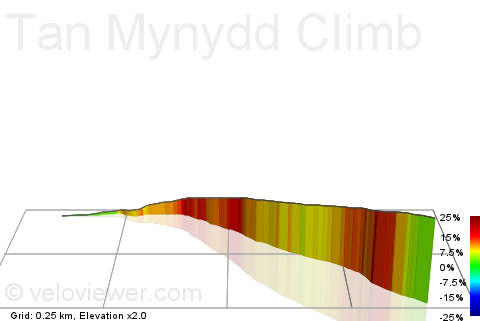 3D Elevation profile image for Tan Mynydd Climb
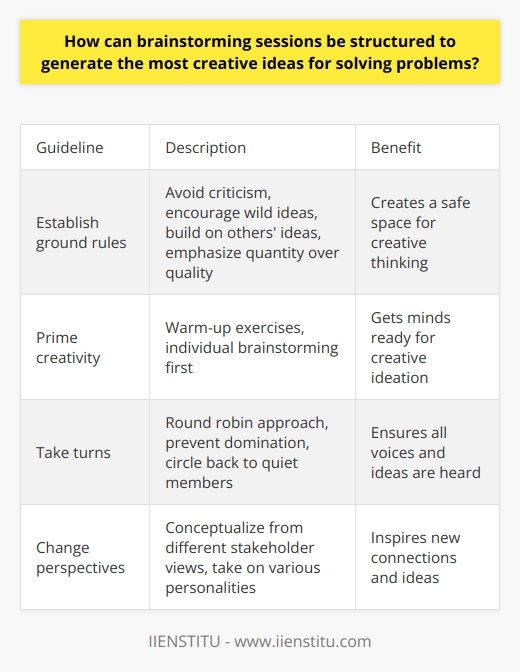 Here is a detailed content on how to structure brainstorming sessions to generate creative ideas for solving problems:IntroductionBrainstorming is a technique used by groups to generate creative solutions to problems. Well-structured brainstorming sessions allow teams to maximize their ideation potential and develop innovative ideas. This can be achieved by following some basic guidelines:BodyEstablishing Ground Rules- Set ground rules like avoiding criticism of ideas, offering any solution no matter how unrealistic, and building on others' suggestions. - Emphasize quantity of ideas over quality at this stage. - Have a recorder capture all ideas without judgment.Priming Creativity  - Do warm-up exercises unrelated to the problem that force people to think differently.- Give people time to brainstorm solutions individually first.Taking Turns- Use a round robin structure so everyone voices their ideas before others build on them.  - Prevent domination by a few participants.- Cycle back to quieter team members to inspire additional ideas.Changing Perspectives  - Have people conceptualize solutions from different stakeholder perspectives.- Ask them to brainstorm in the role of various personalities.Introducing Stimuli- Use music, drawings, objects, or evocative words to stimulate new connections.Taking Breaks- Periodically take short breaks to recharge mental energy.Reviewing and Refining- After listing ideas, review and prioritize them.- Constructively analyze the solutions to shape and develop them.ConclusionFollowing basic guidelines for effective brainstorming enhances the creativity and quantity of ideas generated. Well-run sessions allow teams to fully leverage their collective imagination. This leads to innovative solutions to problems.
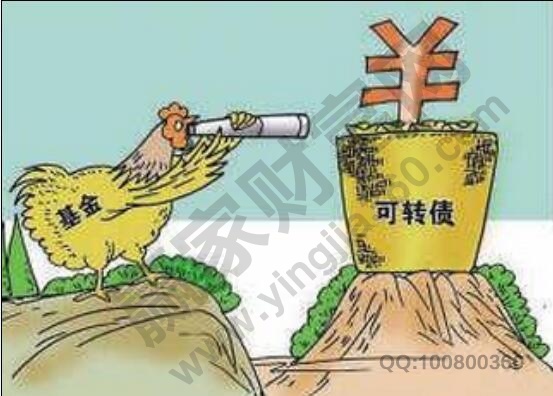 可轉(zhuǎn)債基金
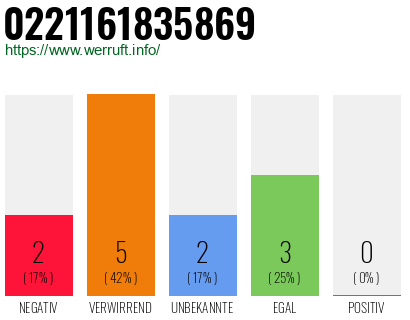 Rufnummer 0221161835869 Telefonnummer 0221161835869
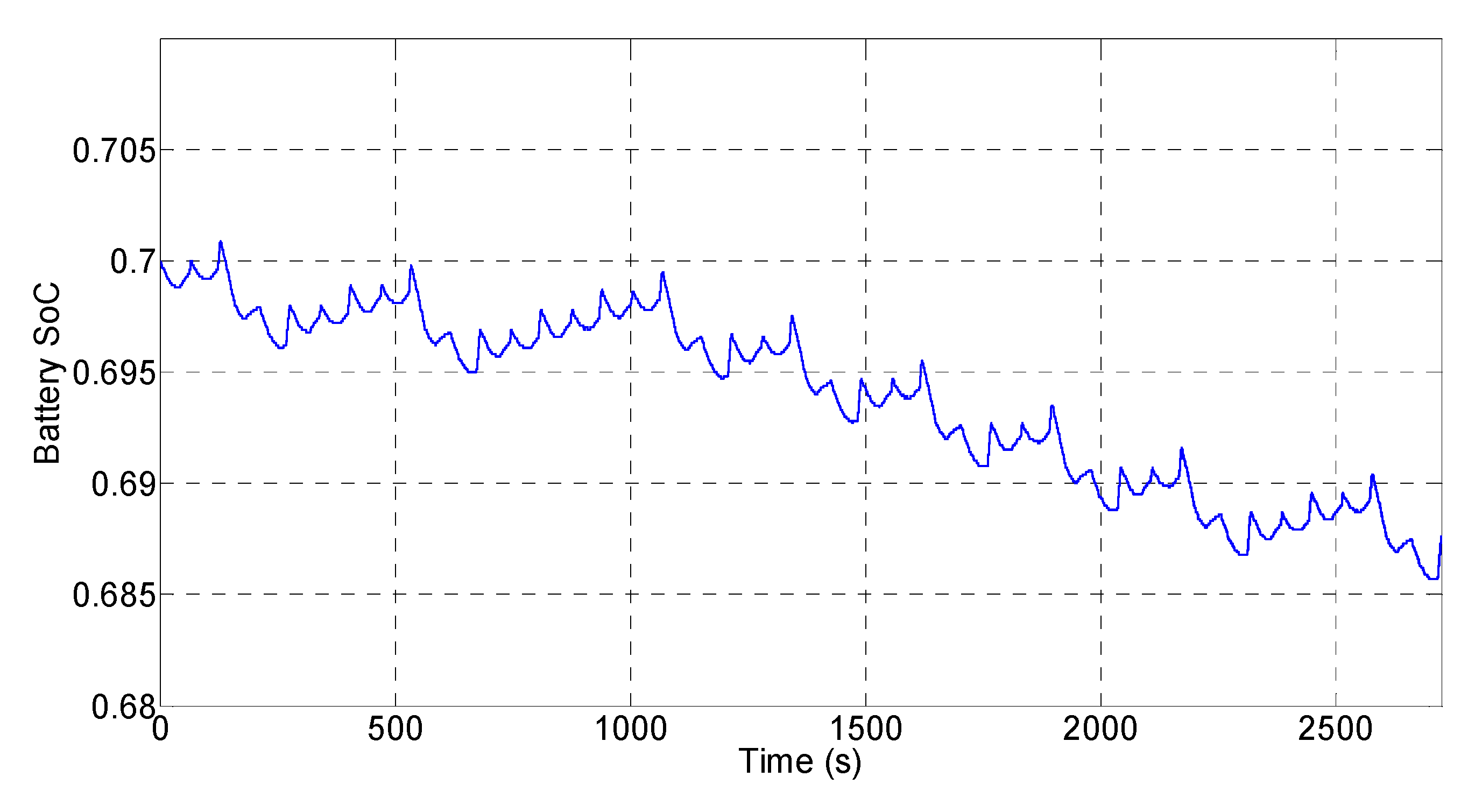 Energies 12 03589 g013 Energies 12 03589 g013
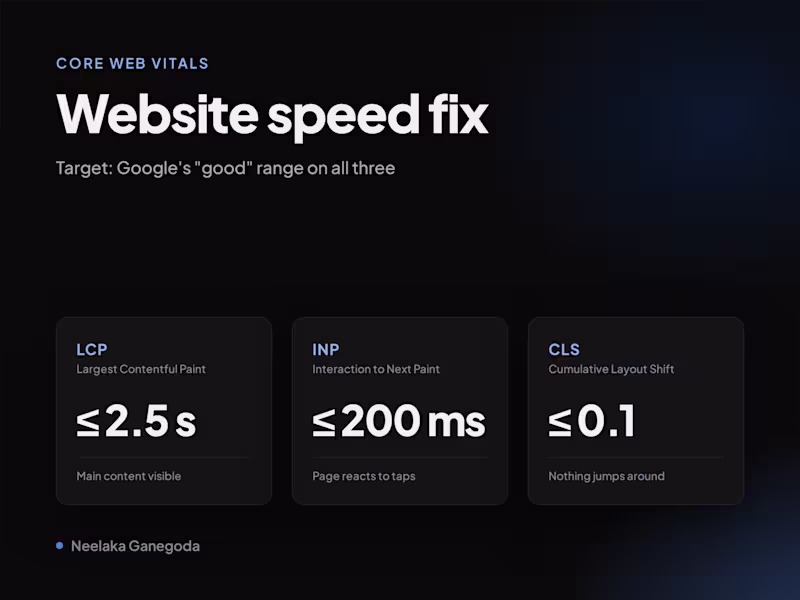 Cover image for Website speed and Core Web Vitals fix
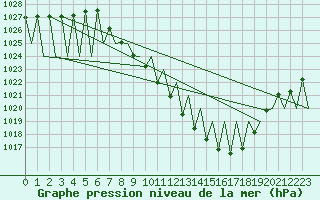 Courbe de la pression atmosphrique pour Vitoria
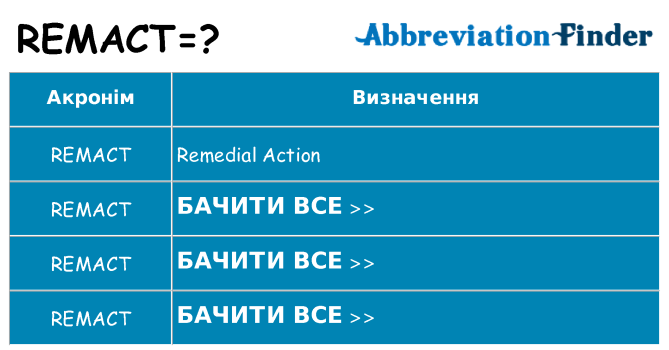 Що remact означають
========
WORK ITEM
Every line from the one bearing "可轉(zhuǎn)債基金" through the end of the data above must be output exactly, and no picture may appear.

ANSWER TO THE EXERCISE
 可轉(zhuǎn)債基金
 Rufnummer 0221161835869 Telefonnummer 0221161835869
 Energies 12 03589 g013 Energies 12 03589 g013
 Cover image for Website speed and Core Web Vitals fix
 Courbe de la pression atmosphrique pour Vitoria
 Що remact означають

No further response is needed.